Closed sloth-eat-pudding closed 4 months ago
Hi longphase team. Thanks for asking. We spoke in more detail via email. ClairS is ready to make use of additional HP taggings in addition to the current HP1 and HP2. Basically, there is no limit to the number of HP categories ClairS can take. For parallelization, supporting range processing sounds good, ClairS will most likely use it in a per chromosome fashion.
We have released version 1.7.
Haplotag now includes the --region
feature.
The complete list of haplotag parameters
Usage: haplotag [OPTION] ... READSFILE
--help display this help and exit.
require arguments:
-s, --snp-file=NAME input SNP vcf file.
-b, --bam-file=NAME input bam file.
-r, --reference=NAME reference fasta.
optional arguments:
--tagSupplementary tag supplementary alignment. default:false
--sv-file=NAME input phased SV vcf file.
--mod-file=NAME input a modified VCF file (produced by longphase modcall and processed by longphase phase).
-q, --qualityThreshold=Num not tag alignment if the mapping quality less than threshold. default:1
-p, --percentageThreshold=Num the alignment will be tagged according to the haplotype corresponding to most alleles.
if the alignment has no obvious corresponding haplotype, it will not be tagged. default:0.6
-t, --threads=Num number of thread. default:1
-o, --out-prefix=NAME prefix of phasing result. default:result
--region=REGION tagging include only reads/variants overlapping those regions. default:(all regions)
--log an additional log file records the result of each read. default:false
@sloth-eat-pudding Glad to have the new release of LongPhase, our team will test it and get back to you.
ZX
In a https://github.com/HKU-BAL/ClairS/issues/18#issuecomment-1893671596 issue, it was mentioned that a "longer phaseset and an improved haplotagging ratio" were needed.

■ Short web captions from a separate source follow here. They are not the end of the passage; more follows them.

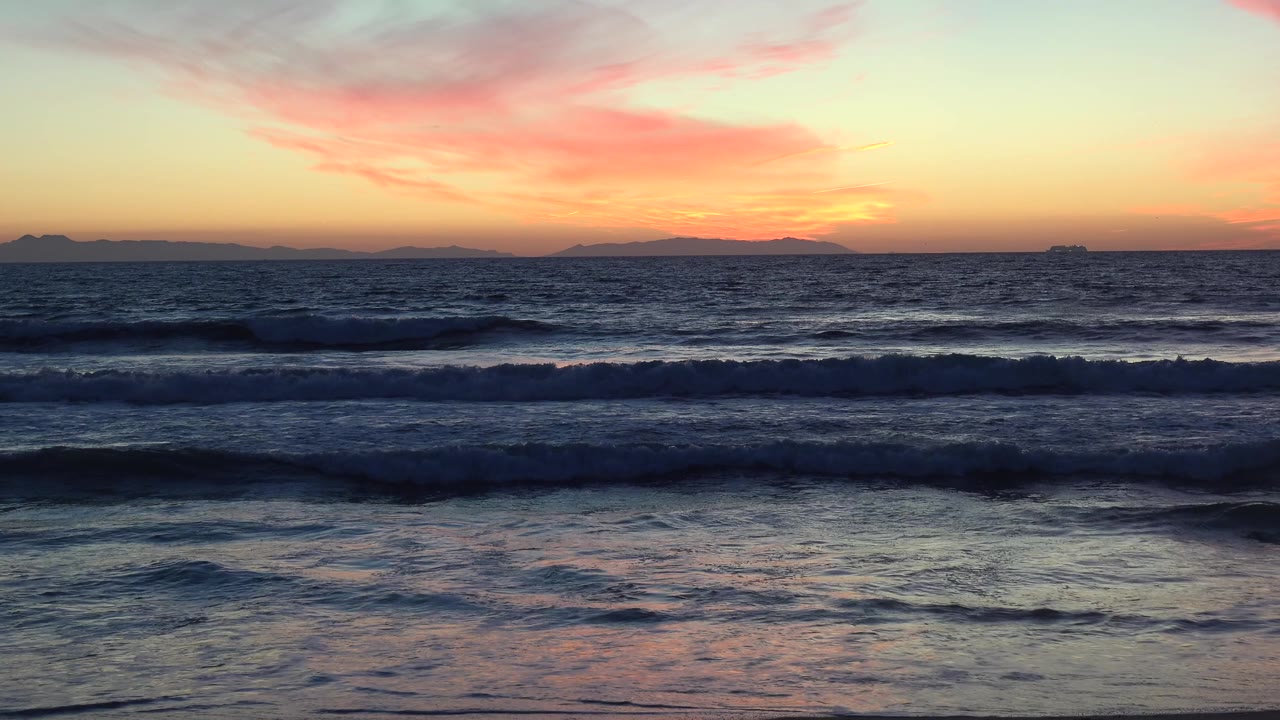 A darker breaking wave crosses the Huntington Beach shoreline while the sunset glows near the horizon and pink cloud streaks fill the upper sky, with no visible people.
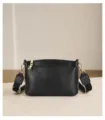 Detailed view of the black leather crossbody handbag highlighting gold zipper and strap design. - 23*11*13.5 / Black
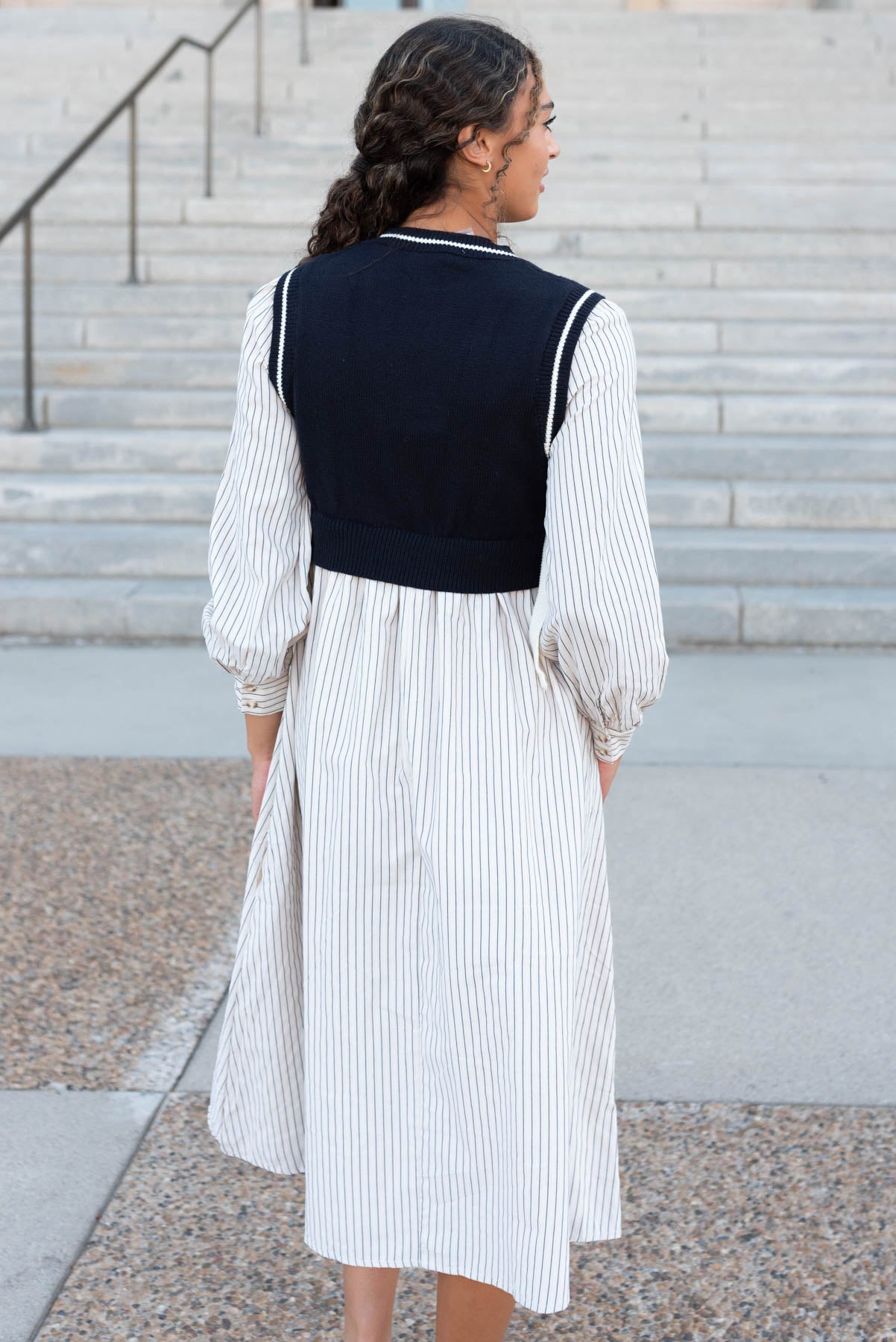 Back view of the navy knit sweater dress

Therefore, I attempted to incorporate indels for phasing and haplotagging.
Explanation of data sources
normal & tumor
: used only if the chromosome, position, and genotype are identical.
normal all
: uses all indels from the normal.snp.vcf | indel.vcf | phase | haplotag | Precision | Recall | F1-score | TP | FP | FN |
---|---|---|---|---|---|---|---|---|---|
ClairS | - | longphase v1.3 | whatshap v1.7 | 67.12% | 77.64% | 72.00% | 30626 | 15001 | 8821 |
ClairS | - | longphase v1.3 | longphase v1.3 | 67.27% | 77.62% | 72.07% | 30617 | 14897 | 8830 |
ClairS | - | longphase v1.7 | whatshap v1.7 | 67.27% | 77.62% | 72.07% | 30619 | 14899 | 8828 |
ClairS | indel (normal & tumor) | longphase v1.7-indel | whatshap v1.7 | 67.44% | 77.57% | 72.15% | 30599 | 14770 | 8848 |
ClairS | indel (normal & tumor) | longphase v1.7-indel | longphase v1.3(no tag indel) | 67.48% | 77.57% | 72.18% | 30601 | 14745 | 8846 |
ClairS | indel (normal & tumor) | longphase v1.7-indel | longphase v1.7(tag indel) | 67.75% | 77.52% | 72.31% | 30578 | 14553 | 8869 |
ClairS | indel (normal all) | longphase v1.7-indel | longphase v1.7(tag indel) | 68.80% | 77.44% | 72.87% | 30548 | 13853 | 8899 |
Would you be interested in trying to incorporate indels as well?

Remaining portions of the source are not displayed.